**** Exercise material
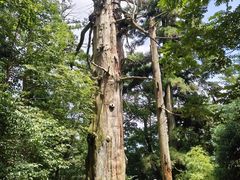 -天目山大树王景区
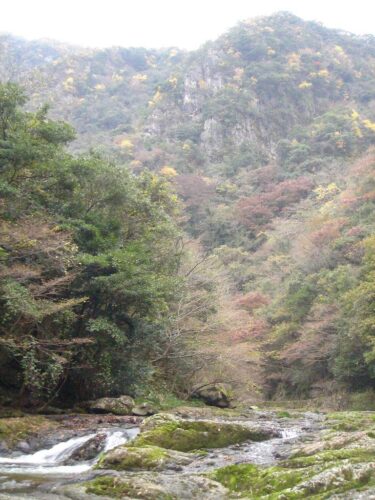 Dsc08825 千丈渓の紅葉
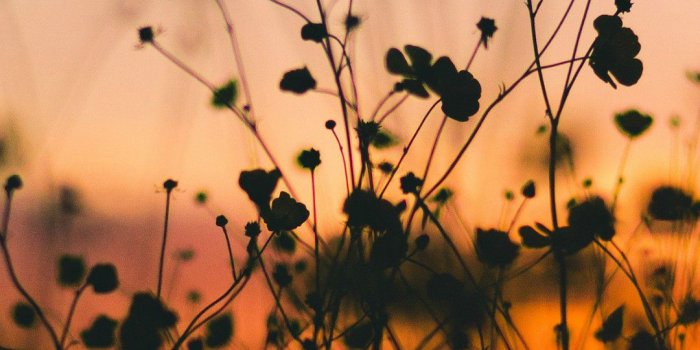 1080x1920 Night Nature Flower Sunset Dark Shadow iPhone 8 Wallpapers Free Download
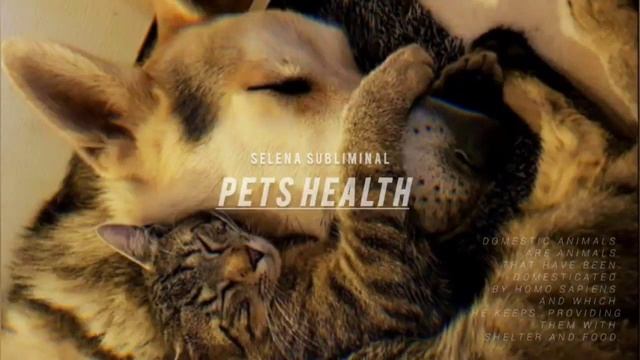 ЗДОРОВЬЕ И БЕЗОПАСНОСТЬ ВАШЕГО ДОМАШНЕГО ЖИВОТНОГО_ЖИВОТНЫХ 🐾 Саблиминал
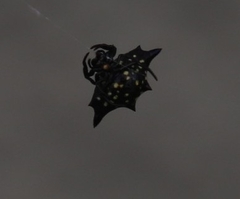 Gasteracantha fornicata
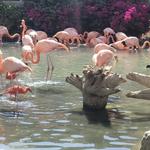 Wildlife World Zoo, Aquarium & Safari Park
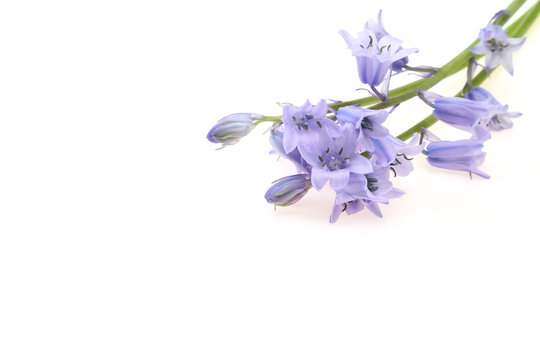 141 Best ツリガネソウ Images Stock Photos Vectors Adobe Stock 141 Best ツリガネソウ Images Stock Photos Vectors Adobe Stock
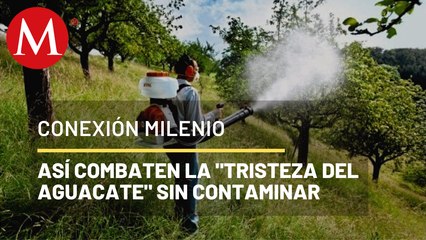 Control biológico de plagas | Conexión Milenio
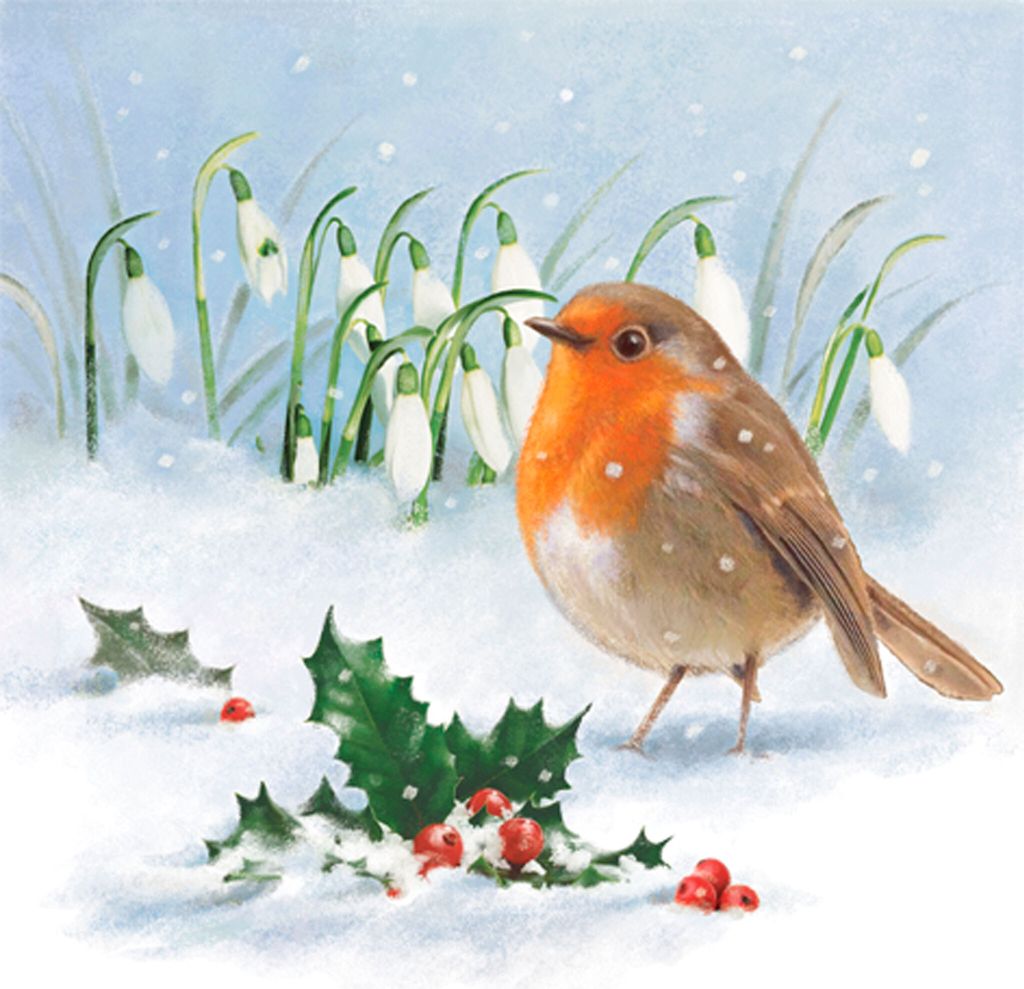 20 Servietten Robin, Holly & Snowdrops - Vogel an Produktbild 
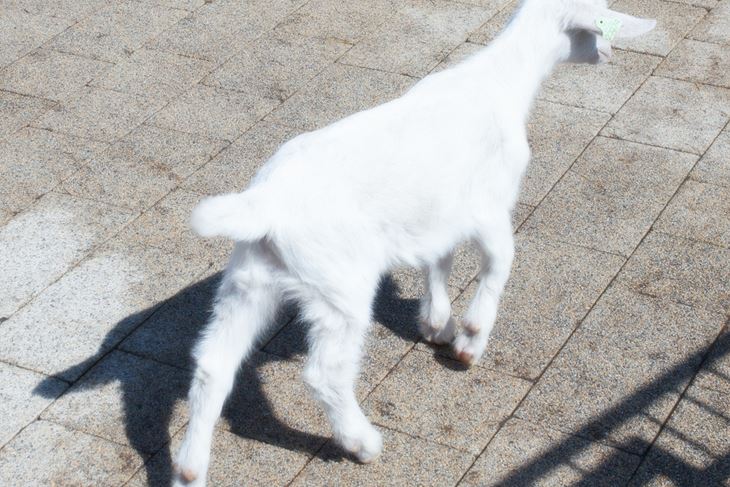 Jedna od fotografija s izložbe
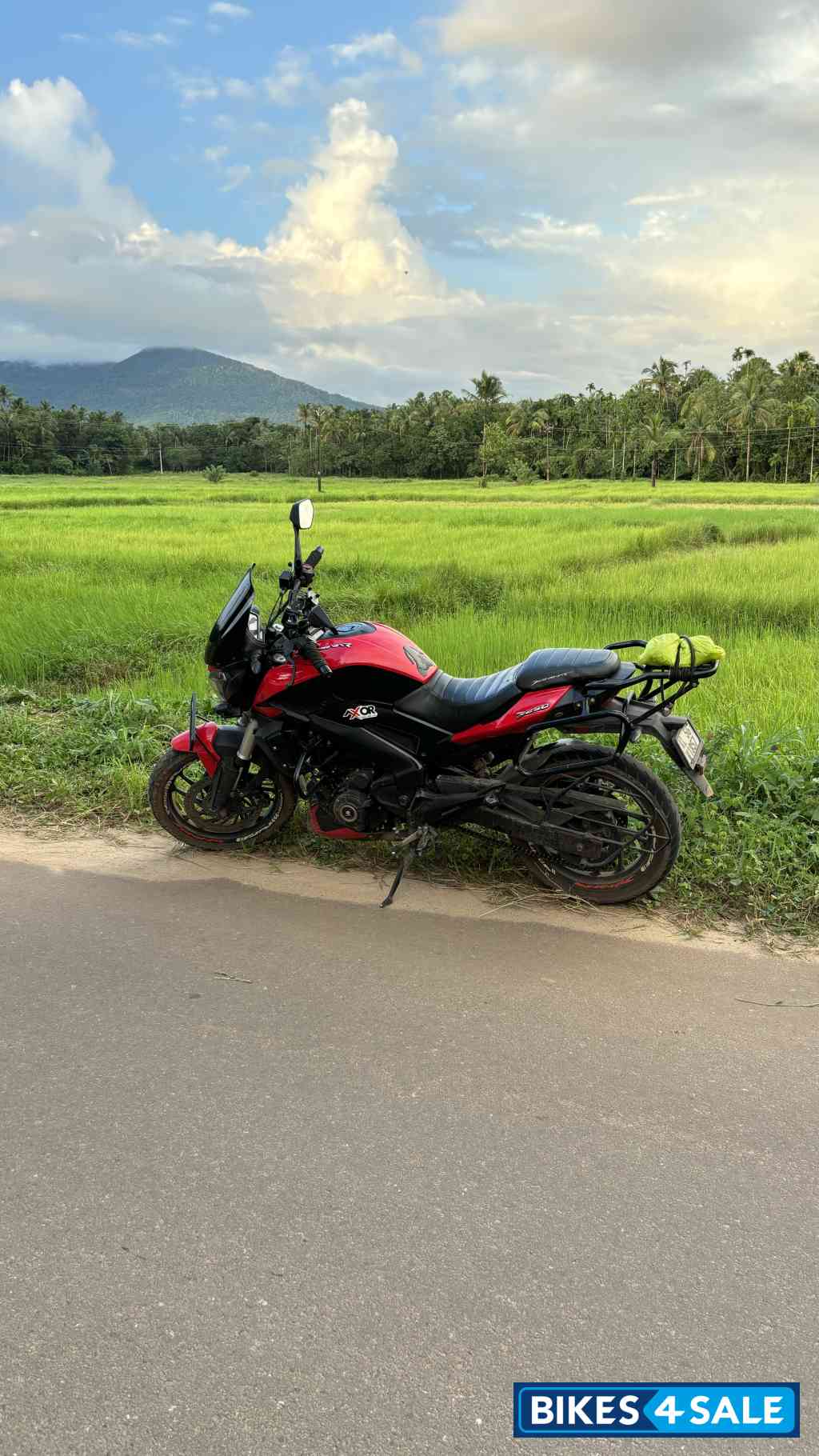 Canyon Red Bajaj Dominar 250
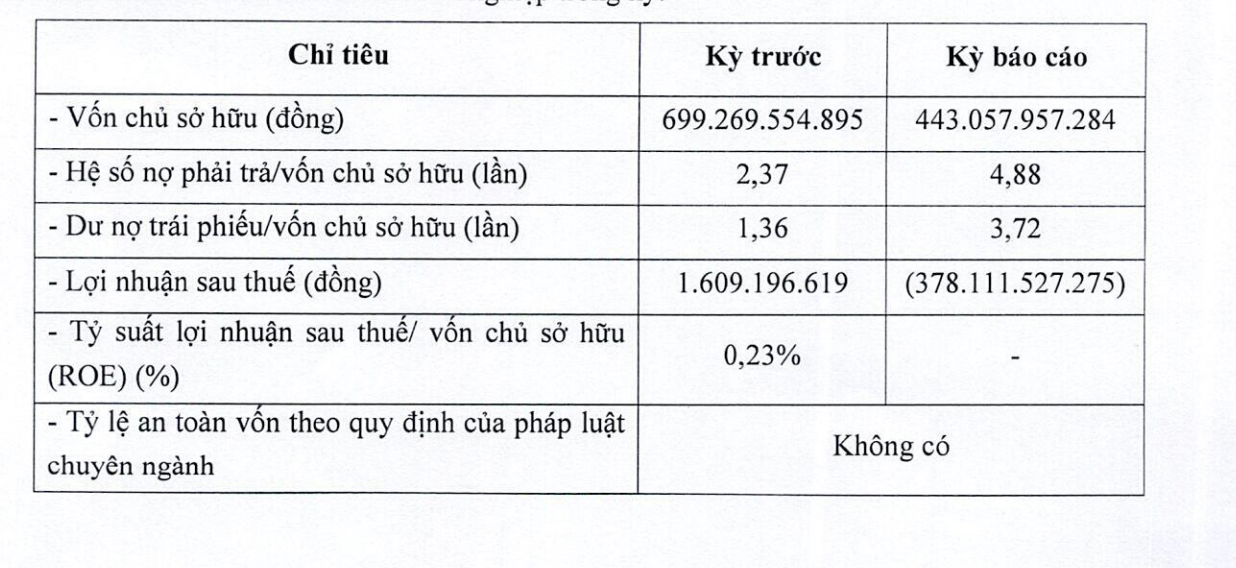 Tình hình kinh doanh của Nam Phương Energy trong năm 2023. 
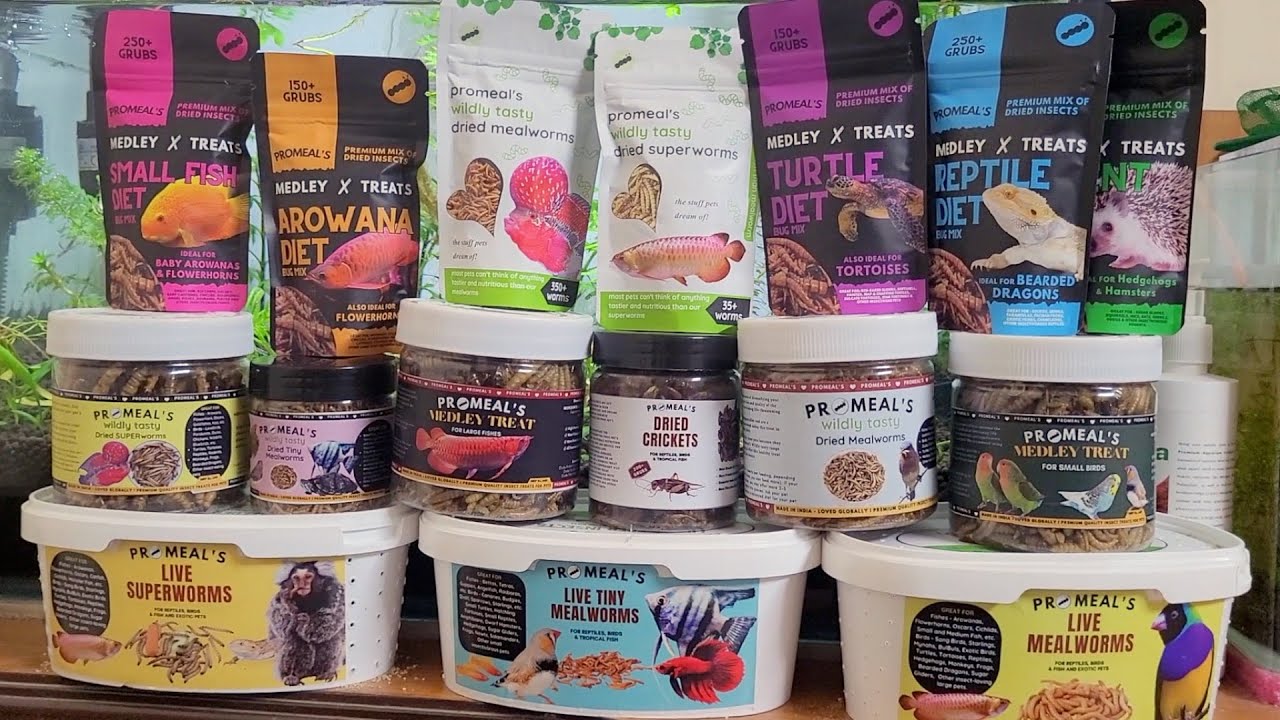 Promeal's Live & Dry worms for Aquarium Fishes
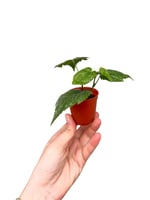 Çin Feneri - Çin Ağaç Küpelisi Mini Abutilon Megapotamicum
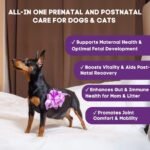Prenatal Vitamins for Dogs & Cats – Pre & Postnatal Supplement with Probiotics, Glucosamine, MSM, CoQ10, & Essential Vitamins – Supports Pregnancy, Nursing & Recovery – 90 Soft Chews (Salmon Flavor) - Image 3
********
- [Problem details]:
Only the lines from the start of the records to the line with "Çin Feneri - Çin" belong in the copy. Print them exactly, minus pictures.

- [Answer box]:
 -天目山大树王景区
 Dsc08825 千丈渓の紅葉
 1080x1920 Night Nature Flower Sunset Dark Shadow iPhone 8 Wallpapers Free Download
 ЗДОРОВЬЕ И БЕЗОПАСНОСТЬ ВАШЕГО ДОМАШНЕГО ЖИВОТНОГО_ЖИВОТНЫХ 🐾 Саблиминал
 Gasteracantha fornicata
 Wildlife World Zoo, Aquarium & Safari Park
 141 Best ツリガネソウ Images Stock Photos Vectors Adobe Stock 141 Best ツリガネソウ Images Stock Photos Vectors Adobe Stock
 Control biológico de plagas | Conexión Milenio
 20 Servietten Robin, Holly & Snowdrops - Vogel an Produktbild 
 Jedna od fotografija s izložbe
 Canyon Red Bajaj Dominar 250
 Tình hình kinh doanh của Nam Phương Energy trong năm 2023. 
 Promeal's Live & Dry worms for Aquarium Fishes
 Çin Feneri - Çin Ağaç Küpelisi Mini Abutilon Megapotamicum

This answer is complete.